-- Opening Marker --

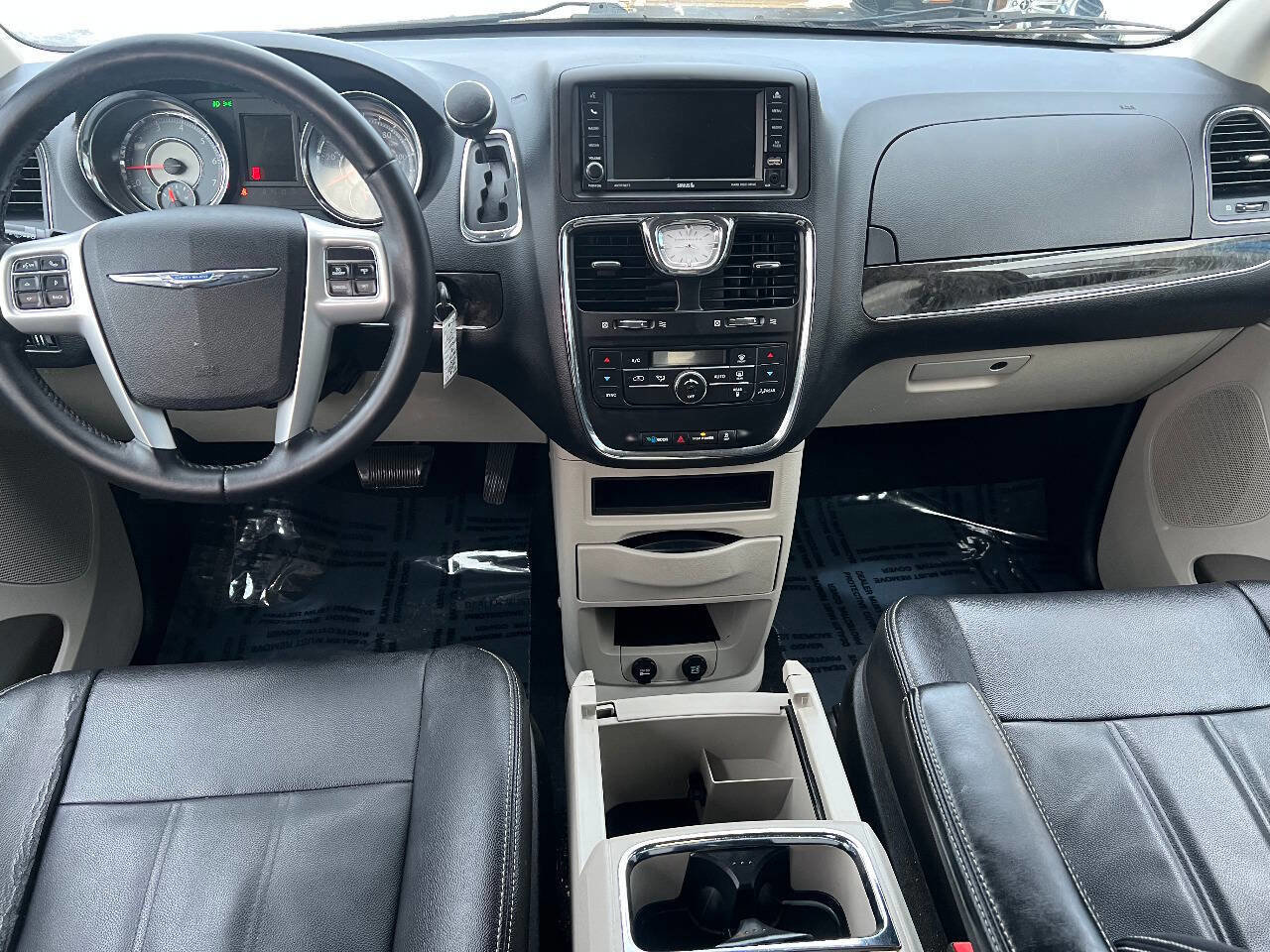 Used 2014 Chrysler Town & Country Touring image 33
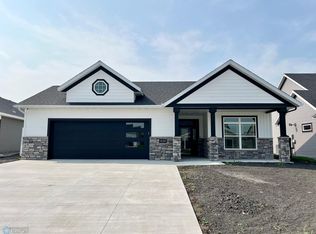 5132 Mira Way W, West Fargo, ND 58078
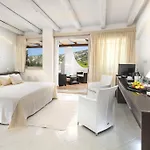 Punta Est 4*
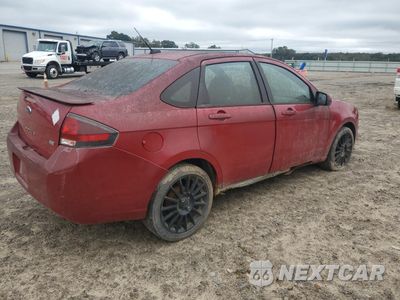 Trzecie zdjęcie samochodu z tyłu: 2001 FORD FOCUS VIN:1FAHP3GNXAW226049 - miniatura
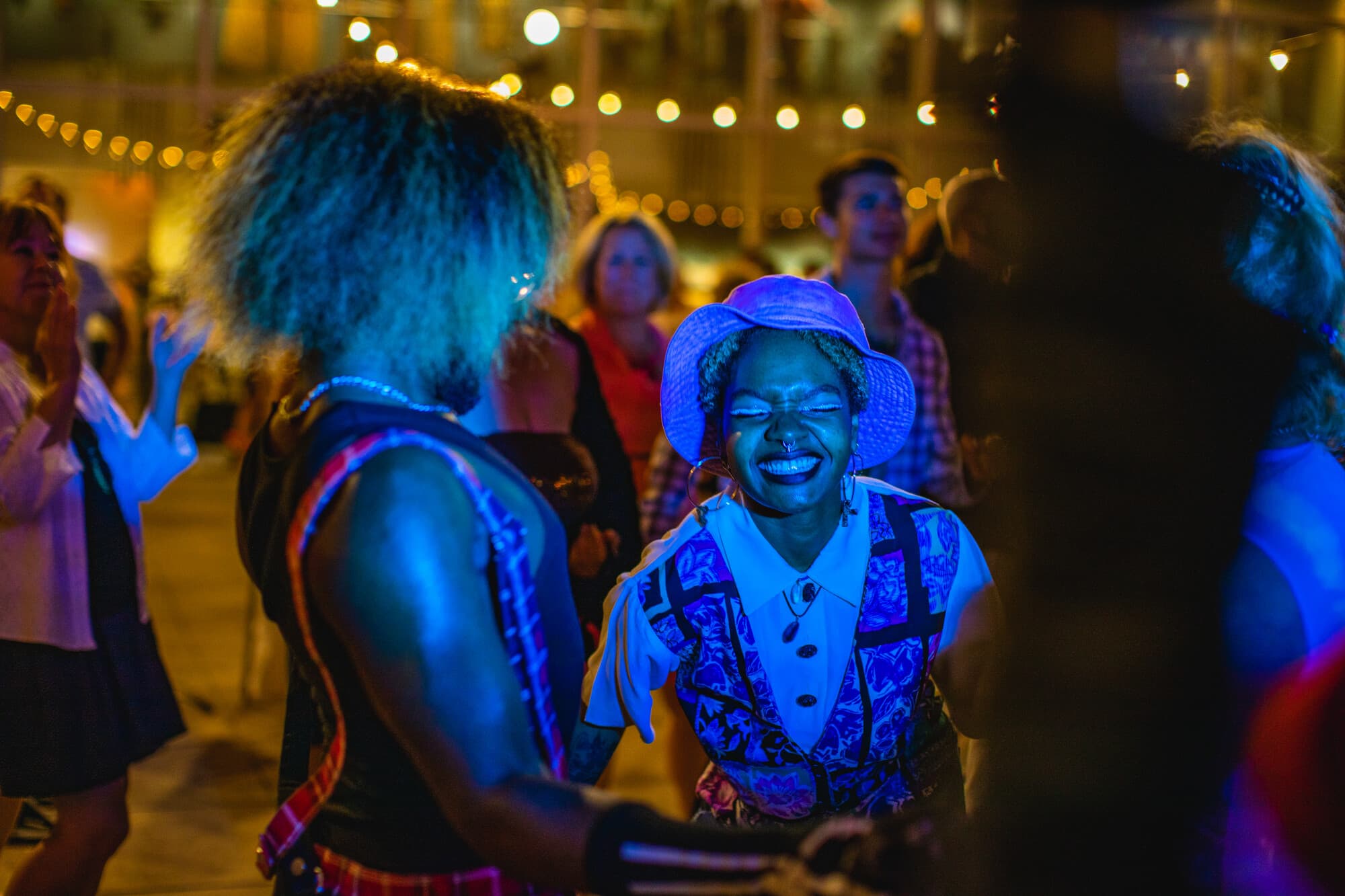 Image: ArtMix Image: ArtMix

-- Closing Marker --

_WHAT THE TASK REQUIRES_:
Copy each entry above exactly; drop the pictures.

_FINAL ANSWER_:
 Used 2014 Chrysler Town & Country Touring image 33
 5132 Mira Way W, West Fargo, ND 58078
 Punta Est 4*
 Trzecie zdjęcie samochodu z tyłu: 2001 FORD FOCUS VIN:1FAHP3GNXAW226049 - miniatura
 Image: ArtMix Image: ArtMix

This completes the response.